↓↓↓

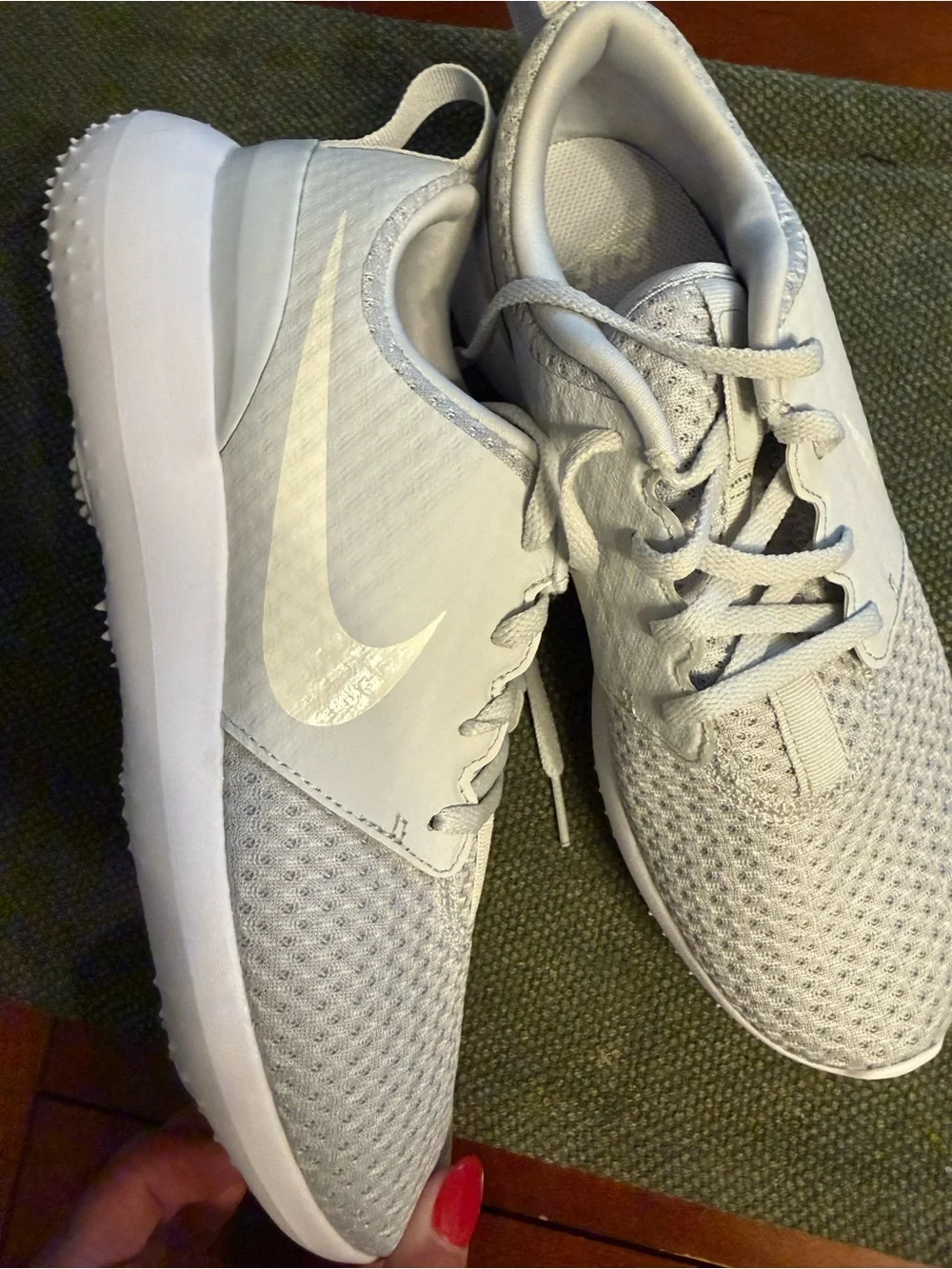 Nike Light Gray Knit Golf Shoes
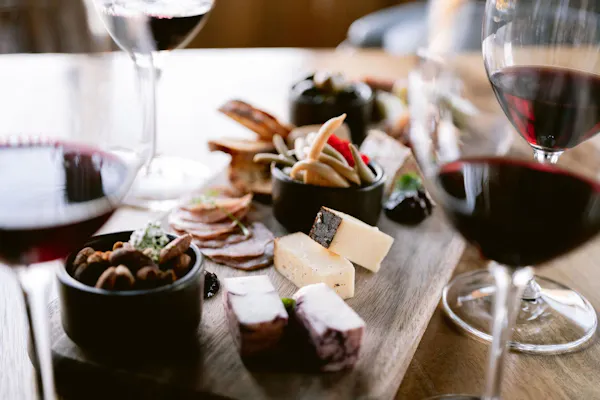 food, tableware, ingredient, stemware, alcoholic drink, wine glass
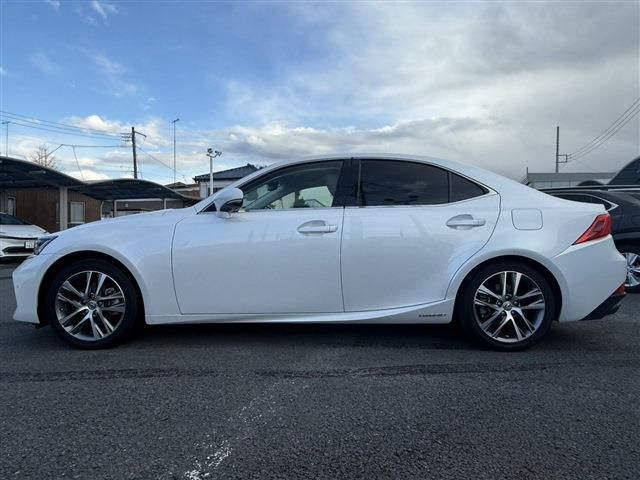 TOYOTA LEXUS IS300H 2016 Image 31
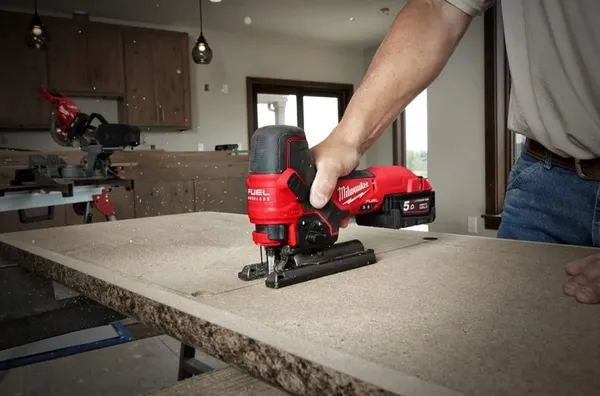 Пила лобзикова акумуляторна безщіткова MILWAUKEE M18 FBJS-0X (каркас+HD кейс) отзывы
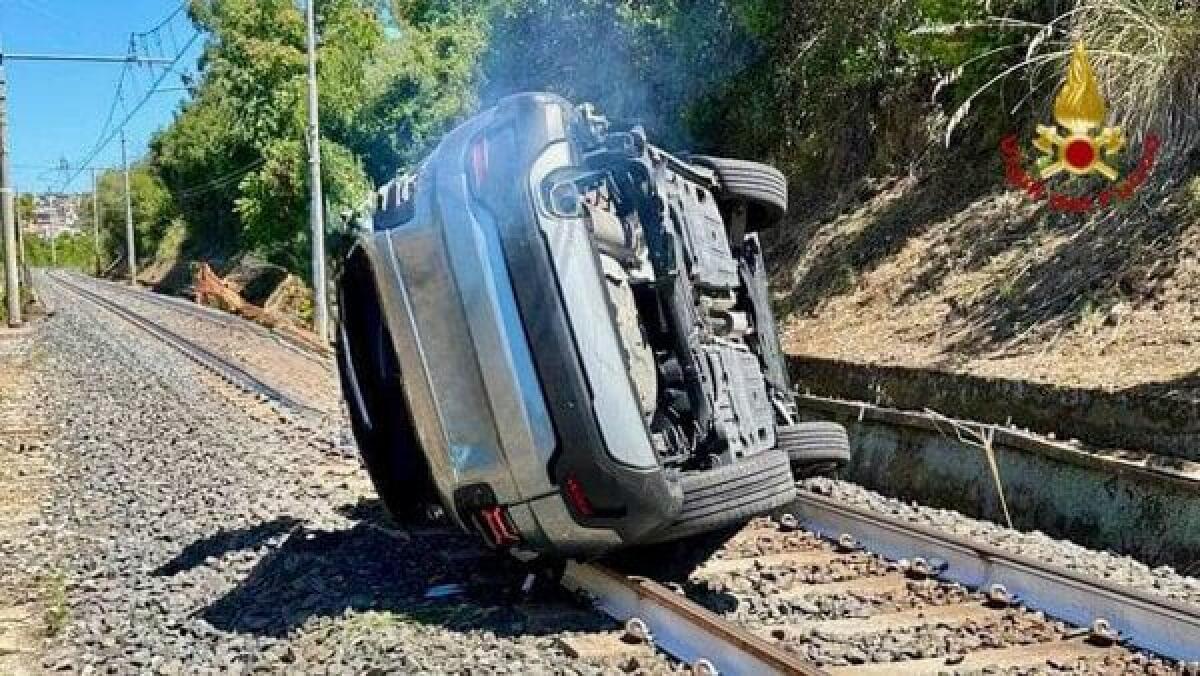 Cefalù, si ribalta con l’auto e finisce sulla ferrovia: illesa la conducente - 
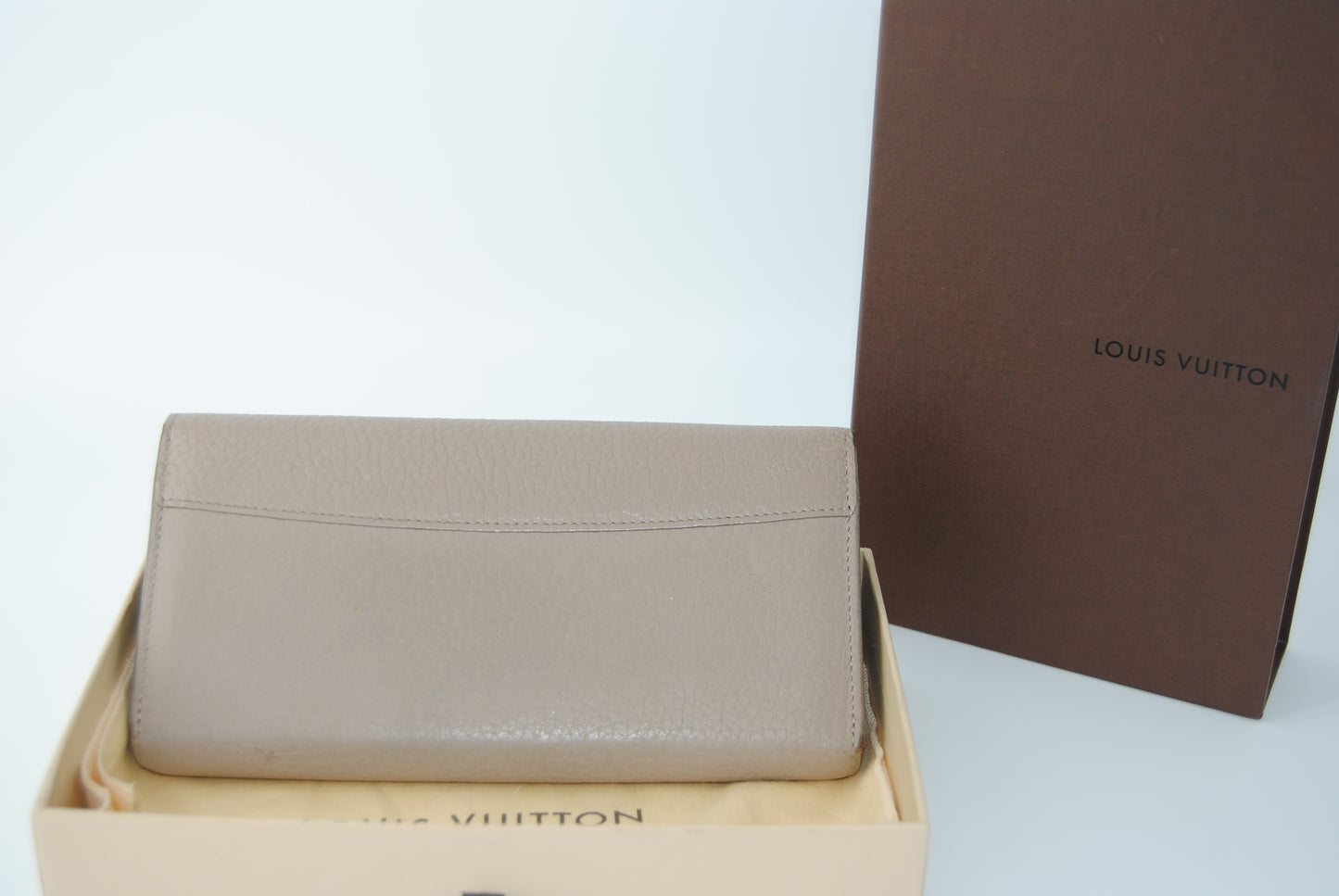 Louis Vuitton Capucines Wallet Pre Owned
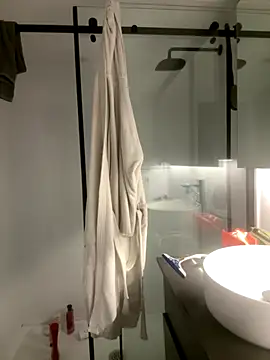 elliepixie online show from 11-05-25, 05:13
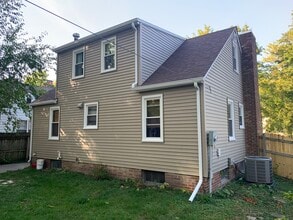 2902 Wood Street in Ames, IA - Foto de edificio - Building Photo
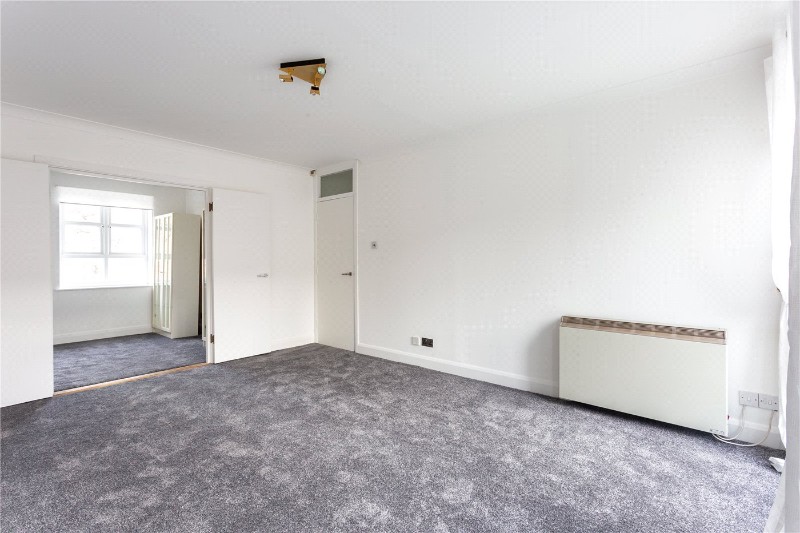 Fuller Close, London, E2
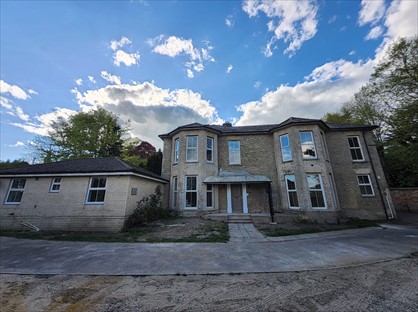 1 Bed Flat, Glenmore Road, SP1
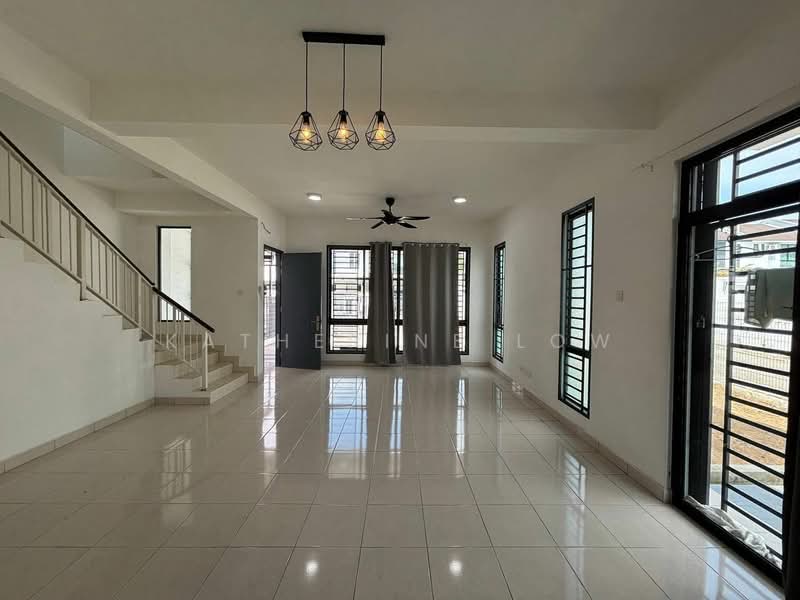 Cluster House for Rent in Johor Bahru (Johor) - Katherine Low - Living Room - PropertyGuru.com.my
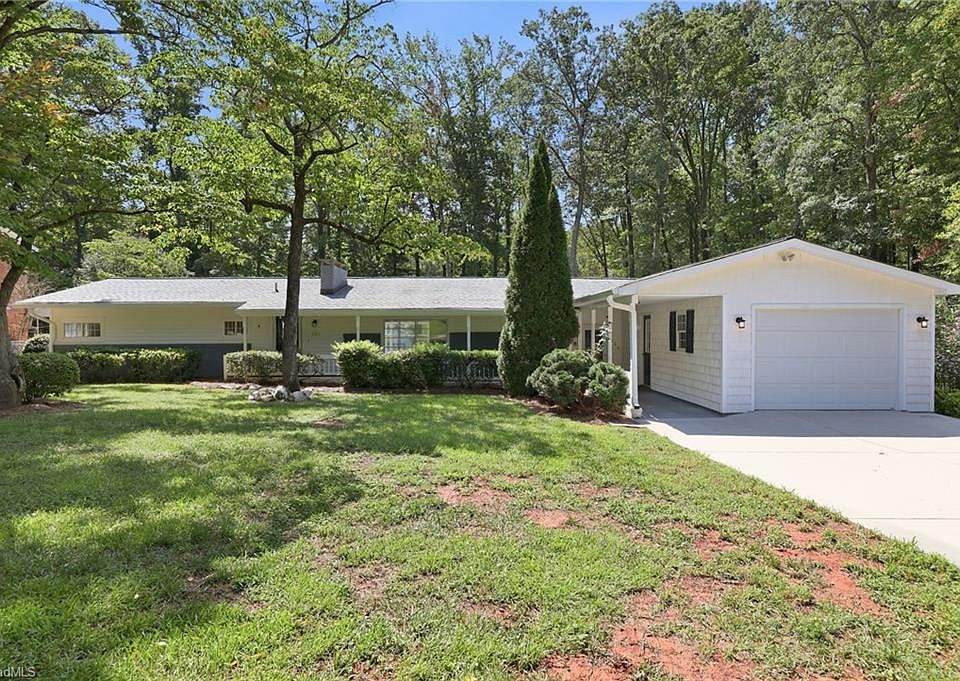 1st image of 204 Pineburr Rd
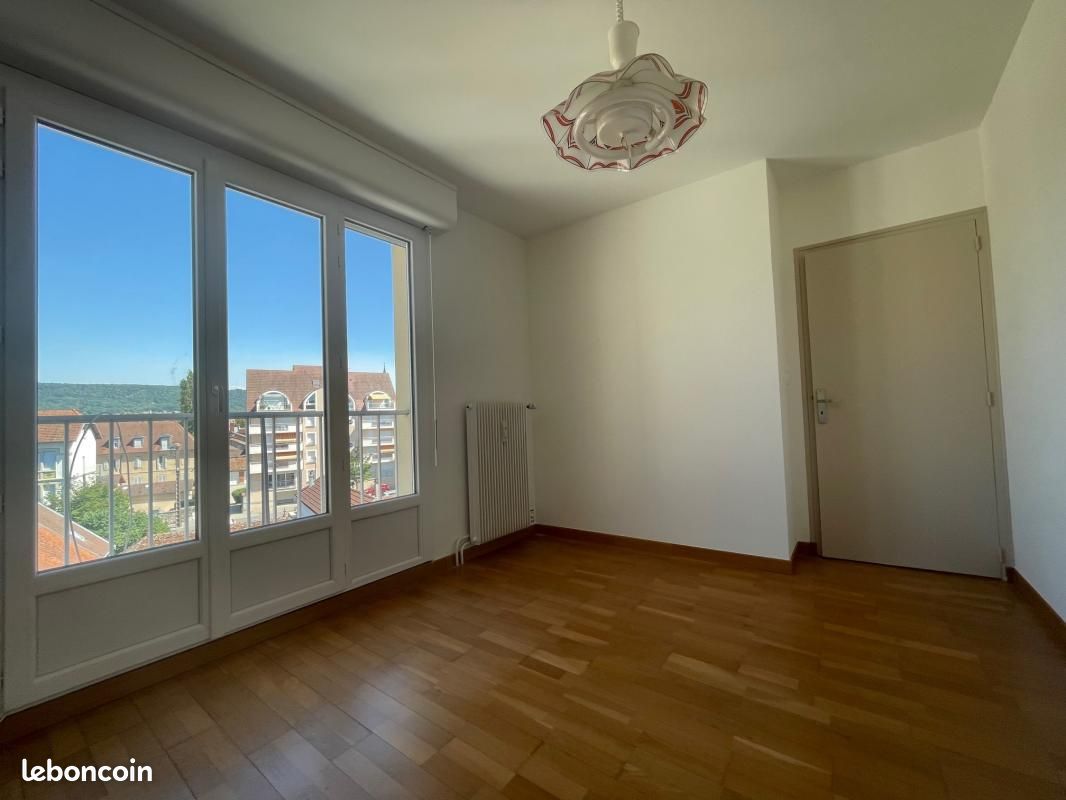 Appartement 3 pièces 69 m² · à Lons-le-Saunier · 69 m² · 793 €/mois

↑↑↑

> **What the exercise asks**
Word for word, return the records shown above without their pictures.

> **Answer**
 Nike Light Gray Knit Golf Shoes
 food, tableware, ingredient, stemware, alcoholic drink, wine glass
 TOYOTA LEXUS IS300H 2016 Image 31
 Пила лобзикова акумуляторна безщіткова MILWAUKEE M18 FBJS-0X (каркас+HD кейс) отзывы
 Cefalù, si ribalta con l’auto e finisce sulla ferrovia: illesa la conducente - 
 Louis Vuitton Capucines Wallet Pre Owned
 elliepixie online show from 11-05-25, 05:13
 2902 Wood Street in Ames, IA - Foto de edificio - Building Photo
 Fuller Close, London, E2
 1 Bed Flat, Glenmore Road, SP1
 Cluster House for Rent in Johor Bahru (Johor) - Katherine Low - Living Room - PropertyGuru.com.my
 1st image of 204 Pineburr Rd
 Appartement 3 pièces 69 m² · à Lons-le-Saunier · 69 m² · 793 €/mois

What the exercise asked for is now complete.